- Records excerpted from a collection -
════════════════

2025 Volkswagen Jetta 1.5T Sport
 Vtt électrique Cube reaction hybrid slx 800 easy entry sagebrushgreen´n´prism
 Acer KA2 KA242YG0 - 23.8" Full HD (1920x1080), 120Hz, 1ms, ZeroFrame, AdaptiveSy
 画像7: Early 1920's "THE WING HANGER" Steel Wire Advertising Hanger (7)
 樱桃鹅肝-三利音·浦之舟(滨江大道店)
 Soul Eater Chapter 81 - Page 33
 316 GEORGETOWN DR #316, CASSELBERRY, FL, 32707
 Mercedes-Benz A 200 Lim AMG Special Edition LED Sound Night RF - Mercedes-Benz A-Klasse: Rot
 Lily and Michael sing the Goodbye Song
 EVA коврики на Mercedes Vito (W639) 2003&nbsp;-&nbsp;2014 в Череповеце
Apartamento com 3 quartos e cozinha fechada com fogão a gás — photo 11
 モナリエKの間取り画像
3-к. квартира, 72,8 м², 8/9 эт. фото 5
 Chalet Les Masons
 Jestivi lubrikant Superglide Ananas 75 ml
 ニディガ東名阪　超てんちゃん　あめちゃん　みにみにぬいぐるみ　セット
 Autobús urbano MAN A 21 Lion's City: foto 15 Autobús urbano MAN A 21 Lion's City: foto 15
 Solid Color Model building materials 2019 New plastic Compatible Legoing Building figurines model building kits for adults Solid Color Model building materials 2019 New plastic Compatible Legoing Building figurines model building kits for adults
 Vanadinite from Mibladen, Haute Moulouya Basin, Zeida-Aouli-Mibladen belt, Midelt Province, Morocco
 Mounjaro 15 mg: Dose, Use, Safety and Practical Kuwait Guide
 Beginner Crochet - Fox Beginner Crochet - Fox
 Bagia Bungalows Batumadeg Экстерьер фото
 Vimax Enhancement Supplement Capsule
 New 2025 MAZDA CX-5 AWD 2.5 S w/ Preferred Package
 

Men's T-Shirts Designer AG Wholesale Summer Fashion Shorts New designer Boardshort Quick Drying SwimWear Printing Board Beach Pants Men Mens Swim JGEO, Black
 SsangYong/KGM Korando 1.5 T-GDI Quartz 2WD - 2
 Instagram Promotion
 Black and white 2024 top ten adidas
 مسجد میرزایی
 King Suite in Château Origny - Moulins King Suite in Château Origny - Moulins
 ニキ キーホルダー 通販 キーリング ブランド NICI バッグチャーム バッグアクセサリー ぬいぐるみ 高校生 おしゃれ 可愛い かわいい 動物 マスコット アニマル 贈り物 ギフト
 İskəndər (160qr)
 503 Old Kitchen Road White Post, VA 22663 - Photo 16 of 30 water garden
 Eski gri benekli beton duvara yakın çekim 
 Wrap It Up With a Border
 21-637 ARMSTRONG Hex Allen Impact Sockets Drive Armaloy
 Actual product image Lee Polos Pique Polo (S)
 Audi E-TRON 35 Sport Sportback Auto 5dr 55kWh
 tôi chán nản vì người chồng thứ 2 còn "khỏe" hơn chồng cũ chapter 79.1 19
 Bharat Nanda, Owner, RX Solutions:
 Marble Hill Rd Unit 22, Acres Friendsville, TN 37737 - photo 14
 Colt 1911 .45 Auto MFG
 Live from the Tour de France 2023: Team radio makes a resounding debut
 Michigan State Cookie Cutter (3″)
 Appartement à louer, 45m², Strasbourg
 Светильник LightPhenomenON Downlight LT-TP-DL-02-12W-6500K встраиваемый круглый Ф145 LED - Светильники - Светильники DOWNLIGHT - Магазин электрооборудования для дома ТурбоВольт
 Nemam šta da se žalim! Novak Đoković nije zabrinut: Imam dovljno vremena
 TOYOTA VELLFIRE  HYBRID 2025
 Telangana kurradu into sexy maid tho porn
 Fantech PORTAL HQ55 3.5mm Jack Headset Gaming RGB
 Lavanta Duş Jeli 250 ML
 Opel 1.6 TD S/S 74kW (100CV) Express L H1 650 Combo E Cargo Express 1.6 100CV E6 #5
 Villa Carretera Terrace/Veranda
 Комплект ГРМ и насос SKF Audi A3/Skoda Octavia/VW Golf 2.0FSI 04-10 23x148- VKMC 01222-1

════════════════

- Exercise details -
A single number is required: the count of lines in the entries that include the word "Sport".

- Answer area -
2